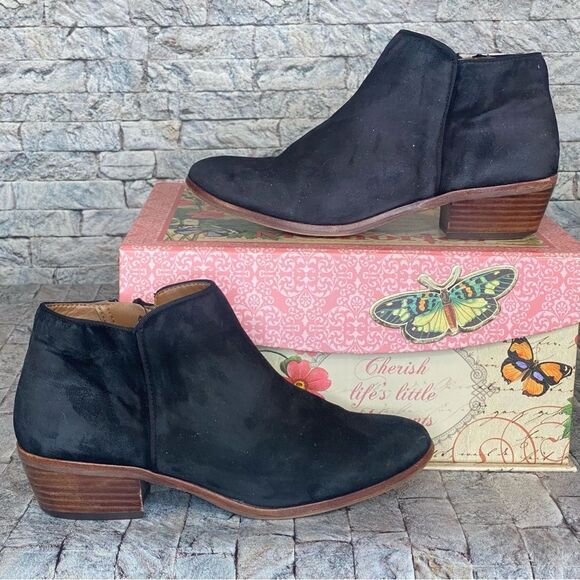 Sam Edelman Black Leather Suede Booties Womens Size 7.5 Side Zip Pointed Toe - Picture 4 of 8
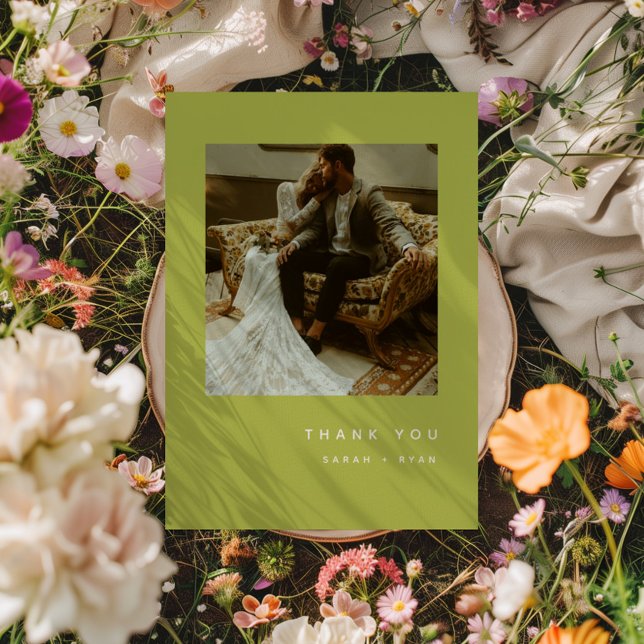 Minimalistic Wedding Photo Lime Green Thank You Card (Creator Uploaded)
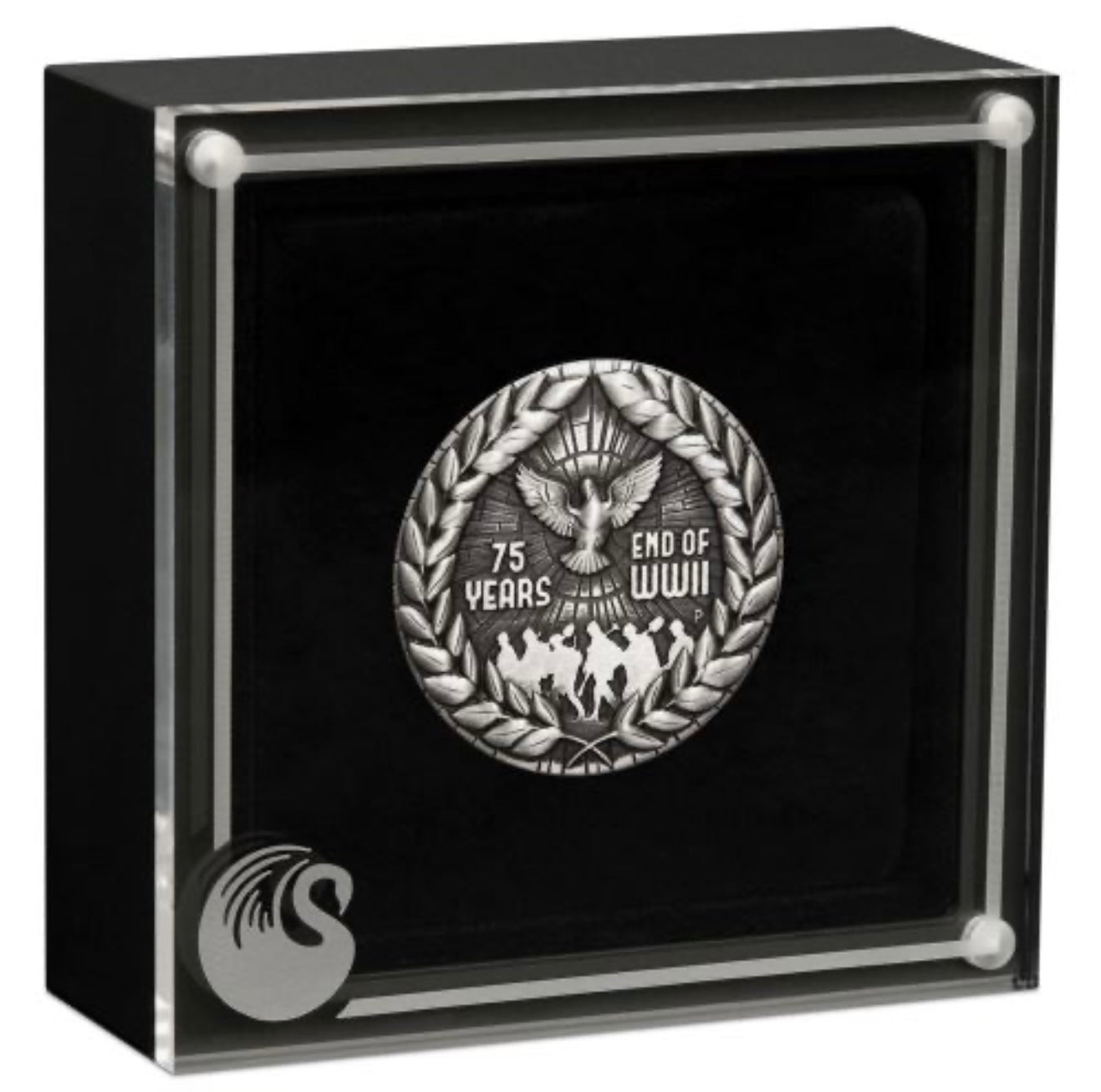 2020 2 Oz Silver Antiqued $2 - 75th Anniversary of the End of WWII - New Age Numismatics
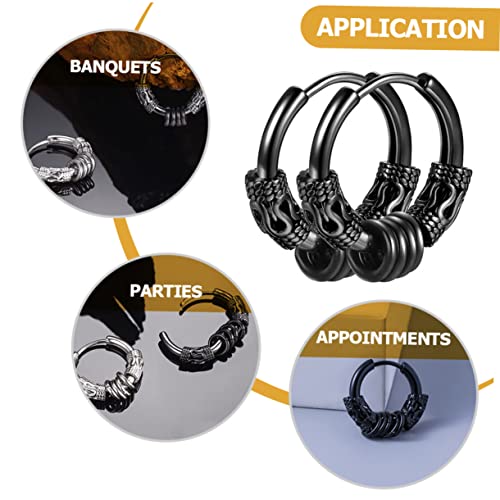 OUNONA 2 Stück Herren Ohrringe Dragon Totem Creolen aus Leicht Modisch Bequemer Ohrschmuck für Alltag Party Dating und Besondere Anlässe von OUNONA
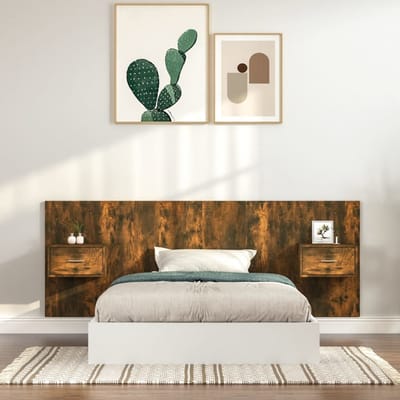 vidaXL - Hoofdbord - met - kastjes - bewerkt - hout - gerookt - eikenkleurig
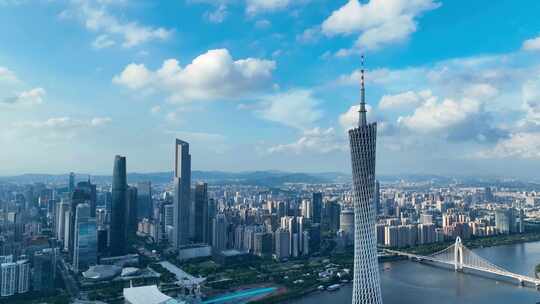 航拍广州城市宣传片蓝天白云下的广州塔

★ ★ ★ ★ ★

Task details:
Only the lines from the one containing "vidaXL - Hoofdbord" through the end of the listing should be output, word for word and inclusive; keep pictures out.

Response box:
 vidaXL - Hoofdbord - met - kastjes - bewerkt - hout - gerookt - eikenkleurig
 航拍广州城市宣传片蓝天白云下的广州塔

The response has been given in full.